Nous sommes dans une société qui accorde beaucoup d’attention aux titres et fonctions pompeuses. Pas mal de personnes n’ont pas compris que je quitte un emploi à l’université pour donner des cours en maternelle. Enseigner en maternelle alors qu’on a obtenu un Bachelor en finance et un Master en entrepreneuriat social aux Etats Unis ? Really ? Mon père n’a pas compris non plus lorsque je lui ai dit que j’allais quitter IBSA pour me consacrer au Centre Eulis et à mon blog. Il a même essayé de me convaincre de faire une deuxième année alors qu’à la base il avait aussi questionné mon choix initial d’enseigner en maternelle. Le pauvre monsieur n’a aucune idée de ce que sa fille fait de sa vie et je le comprends.

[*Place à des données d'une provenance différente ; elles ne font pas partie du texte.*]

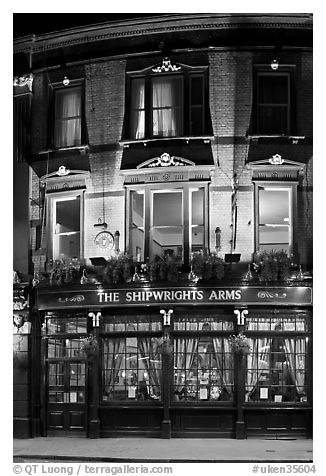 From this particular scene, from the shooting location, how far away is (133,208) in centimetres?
1802

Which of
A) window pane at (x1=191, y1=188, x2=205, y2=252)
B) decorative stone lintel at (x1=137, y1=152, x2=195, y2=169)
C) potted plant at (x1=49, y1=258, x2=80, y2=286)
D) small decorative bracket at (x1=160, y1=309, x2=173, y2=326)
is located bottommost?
small decorative bracket at (x1=160, y1=309, x2=173, y2=326)

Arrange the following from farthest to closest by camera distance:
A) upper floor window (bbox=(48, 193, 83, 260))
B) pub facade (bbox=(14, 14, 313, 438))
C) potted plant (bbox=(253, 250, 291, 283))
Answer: upper floor window (bbox=(48, 193, 83, 260)), pub facade (bbox=(14, 14, 313, 438)), potted plant (bbox=(253, 250, 291, 283))

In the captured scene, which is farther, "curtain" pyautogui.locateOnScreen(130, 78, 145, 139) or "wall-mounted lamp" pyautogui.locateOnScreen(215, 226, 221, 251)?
"curtain" pyautogui.locateOnScreen(130, 78, 145, 139)

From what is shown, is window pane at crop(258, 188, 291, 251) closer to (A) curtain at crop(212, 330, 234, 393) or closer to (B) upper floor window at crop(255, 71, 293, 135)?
(B) upper floor window at crop(255, 71, 293, 135)

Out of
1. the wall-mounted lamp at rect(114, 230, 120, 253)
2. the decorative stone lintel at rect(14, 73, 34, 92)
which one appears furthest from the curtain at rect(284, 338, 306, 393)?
the decorative stone lintel at rect(14, 73, 34, 92)

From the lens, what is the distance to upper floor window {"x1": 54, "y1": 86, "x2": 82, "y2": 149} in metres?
18.5

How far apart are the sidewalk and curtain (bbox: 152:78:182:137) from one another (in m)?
5.93

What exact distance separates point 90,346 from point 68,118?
462cm

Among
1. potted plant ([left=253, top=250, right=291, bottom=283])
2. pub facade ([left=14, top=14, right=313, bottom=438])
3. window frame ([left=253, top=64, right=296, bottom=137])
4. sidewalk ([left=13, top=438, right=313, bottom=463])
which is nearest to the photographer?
sidewalk ([left=13, top=438, right=313, bottom=463])

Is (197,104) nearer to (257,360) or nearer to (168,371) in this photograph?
(257,360)

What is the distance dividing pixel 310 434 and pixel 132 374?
140 inches

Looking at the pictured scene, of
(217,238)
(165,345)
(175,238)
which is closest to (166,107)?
(175,238)

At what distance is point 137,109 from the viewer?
59.8ft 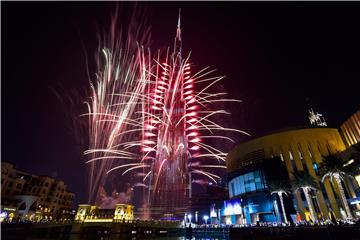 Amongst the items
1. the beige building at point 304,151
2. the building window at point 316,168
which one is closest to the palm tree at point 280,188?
the beige building at point 304,151

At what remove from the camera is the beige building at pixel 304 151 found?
65812 millimetres

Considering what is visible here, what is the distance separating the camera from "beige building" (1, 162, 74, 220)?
72688mm

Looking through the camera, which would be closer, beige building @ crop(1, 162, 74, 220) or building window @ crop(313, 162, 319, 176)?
building window @ crop(313, 162, 319, 176)

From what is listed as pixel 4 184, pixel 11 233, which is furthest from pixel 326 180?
pixel 4 184

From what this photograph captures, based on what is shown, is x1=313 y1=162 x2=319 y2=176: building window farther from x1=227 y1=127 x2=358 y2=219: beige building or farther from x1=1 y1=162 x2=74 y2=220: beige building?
x1=1 y1=162 x2=74 y2=220: beige building

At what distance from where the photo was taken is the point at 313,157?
72750 mm

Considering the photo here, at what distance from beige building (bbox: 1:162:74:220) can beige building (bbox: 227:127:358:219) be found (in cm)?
8046

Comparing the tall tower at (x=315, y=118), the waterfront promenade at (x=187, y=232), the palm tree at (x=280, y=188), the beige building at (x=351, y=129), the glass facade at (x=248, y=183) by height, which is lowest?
the waterfront promenade at (x=187, y=232)

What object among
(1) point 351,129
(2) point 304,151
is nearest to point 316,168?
(2) point 304,151

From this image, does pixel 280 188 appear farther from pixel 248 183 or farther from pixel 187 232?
pixel 187 232

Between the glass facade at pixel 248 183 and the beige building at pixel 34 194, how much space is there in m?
73.1

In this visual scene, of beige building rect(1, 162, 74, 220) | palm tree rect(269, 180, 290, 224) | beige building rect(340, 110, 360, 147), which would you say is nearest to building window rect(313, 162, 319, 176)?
beige building rect(340, 110, 360, 147)

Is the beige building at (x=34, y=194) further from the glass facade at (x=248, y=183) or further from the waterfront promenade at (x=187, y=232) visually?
the glass facade at (x=248, y=183)

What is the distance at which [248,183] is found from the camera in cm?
7394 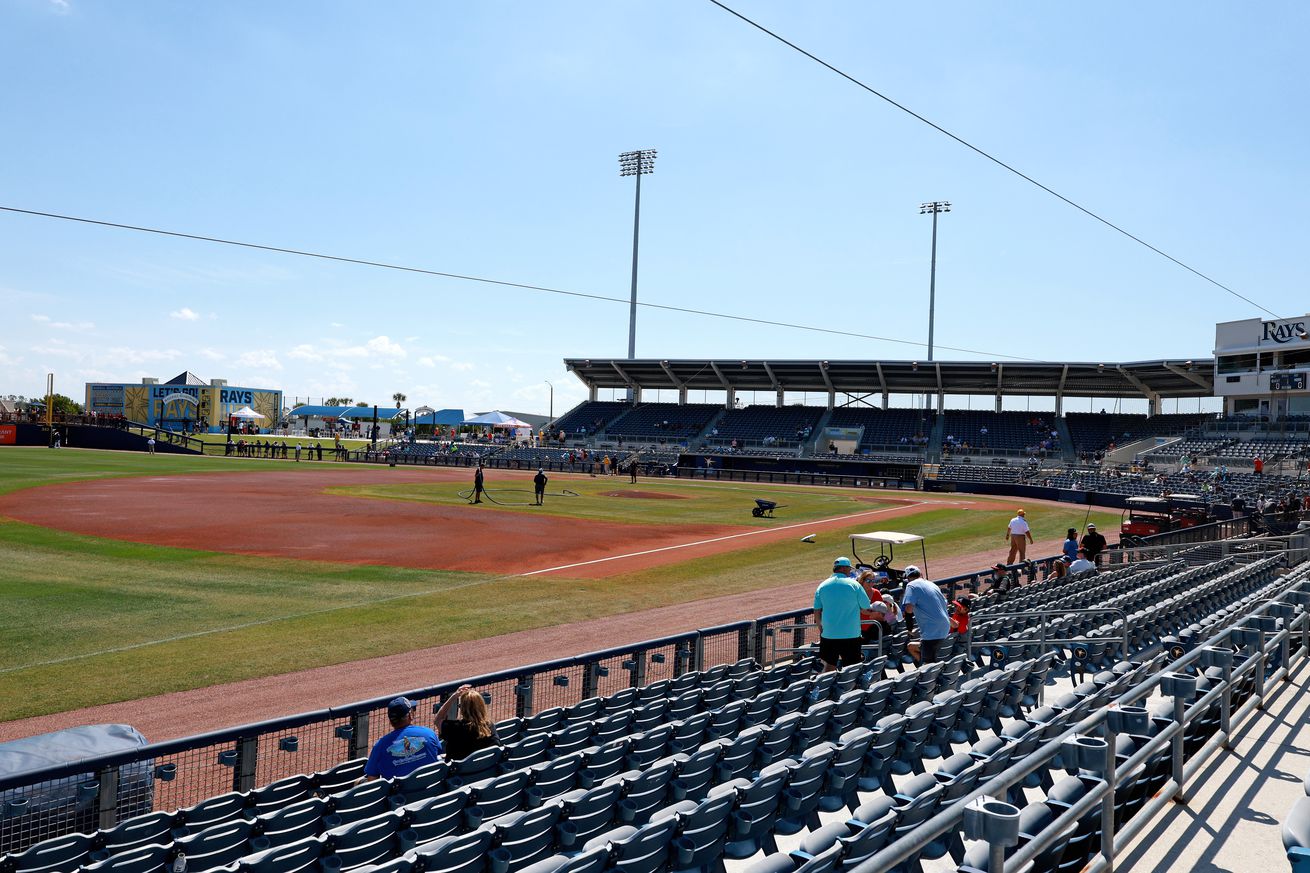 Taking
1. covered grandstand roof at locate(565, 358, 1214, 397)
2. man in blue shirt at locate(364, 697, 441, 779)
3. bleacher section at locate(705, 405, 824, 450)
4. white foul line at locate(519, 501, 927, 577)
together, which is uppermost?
covered grandstand roof at locate(565, 358, 1214, 397)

Je me suis posée des questions et je continue de m’en poser sur mon parcours. Il est plutôt atypique, loin du chemin classique bien structuré, école – boulot dans un bureau – mariage – bébés.  Je me suis demandé si c’est un mal lié à notre génération ou si c’est juste moi qui ne savais pas rester en place. Je connais ma vision, ma mission. Je sais où je vais même si je découvre de nouveaux moyens de transports au quotidien. J’ai bien sûr le privilège de faire tout ça parce que je vis sous le toit familial, mais il n’en demeure pas moins que parfois, ça craint. J’ai souvent des doutes et j’apprends encore à laisser la vie suivre son cours. Je fais ma part en ayant confiance que Dieu fera la Sienne.

En ce moment mon blog est ma source principale de revenus. J’ai l’opportunité de travailler sur des événements pour les relayer sur les réseaux sociaux et le blog. Si on m’avait dit que mes écrits maladroits sur « Meli-melo d’une intello » en 2012 me mèneraient ici, j’aurais rigolé. Et pourtant ! Au début j’ai eu un peu de mal avec l’idée que « bloguer » pouvait être un travail à part entière, pour moi, sous nos cieux. Mais c’est une belle expérience qui me donne l’opportunité d’être rémunérée pour des choses que j’aime : apprendre, écrire, partager. Et en plus, j’ai plus de temps et de liberté pour me consacrer aux activités du Centre Eulis. Pourquoi j’ai écrit ce texte de 1500 mots pour vous raconter ma vie ? Parce que je crois comme Befoune que « Chaque expérience de vie mérite d’être partagée. Pour soi, mais aussi pour ceux qui peuvent en avoir besoin. »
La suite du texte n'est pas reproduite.